Он попытался загородить Мите дорогу, но маленький техник сердито толкнул Петра Петровича в грудь, побежал по крапиве к ярким, распахнутым настежь окнам палаты. Третье с краю — он знал.
Ломая ногти, Митя взобрался на узкий выступ стены и схватился за ставень.
Ольга лежала возле окна — бледная, похорошевшая, неузнаваемая. Такой праздничной, ясной, волнующей красоты Митя не видел ни разу. Чистый полукруг зубов, выпуклый детский лоб, тонкая шея, окаймленная грубой тесьмой казенной рубахи, лицо измученное, милое, ясное, и глаза с дрожащими яркими точками в глубине темных зрачков — удивительные материнские глаза, в которых и гордость, и боль, и испуг. Не глаза — свет, торжество, сама звездная радость.

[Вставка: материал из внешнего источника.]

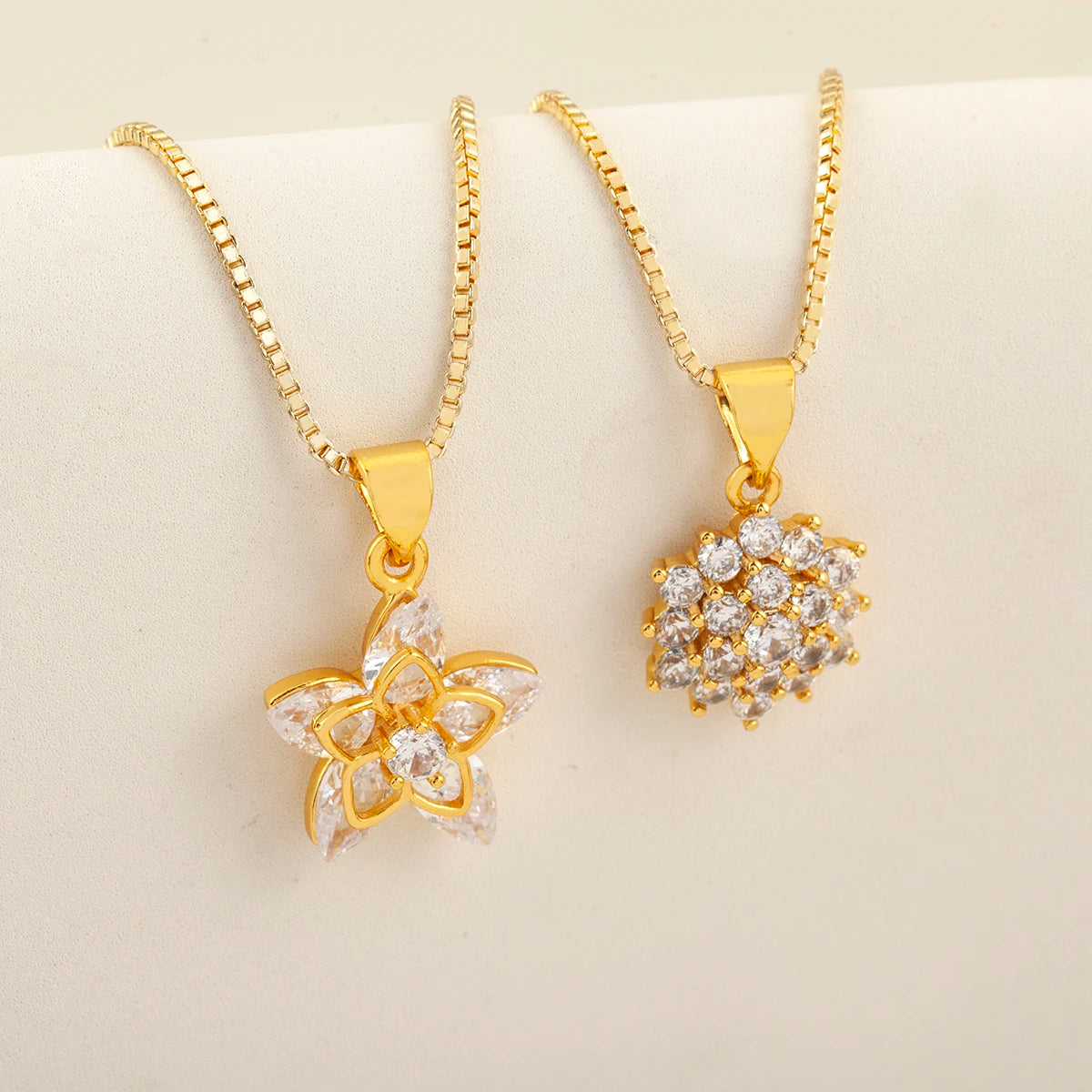 QIKU Copper Geometric Star Flower Link Chain Pendant Necklace Zircon Jewelry Birthday Gift for Her Daily Wear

Услышав скрип петель, она запрокинула голову и, еще не видя Митю в окно, но безошибочно угадывая присутствие мужа, сказала:
— Сын… Знаешь… Сын.
Стоя на цыпочках, вцепившись в наличник окна, Митя молчал.
— Ты видел его? Да?
— Завтра… Спи…
— Он не такой, как все. Он особенный, — сказала она шепотом, — и Петр Петрович особенный, и сестра. Сын, Дмитрий, сын!
Она повторяла то, что говорили до нее сотни матерей в этой высокой гулкой палате, и все-таки старые слова были неповторимо яркими, свежими, как неповторимы весенняя зелень, рождение, всякое искреннее и сильное чувство.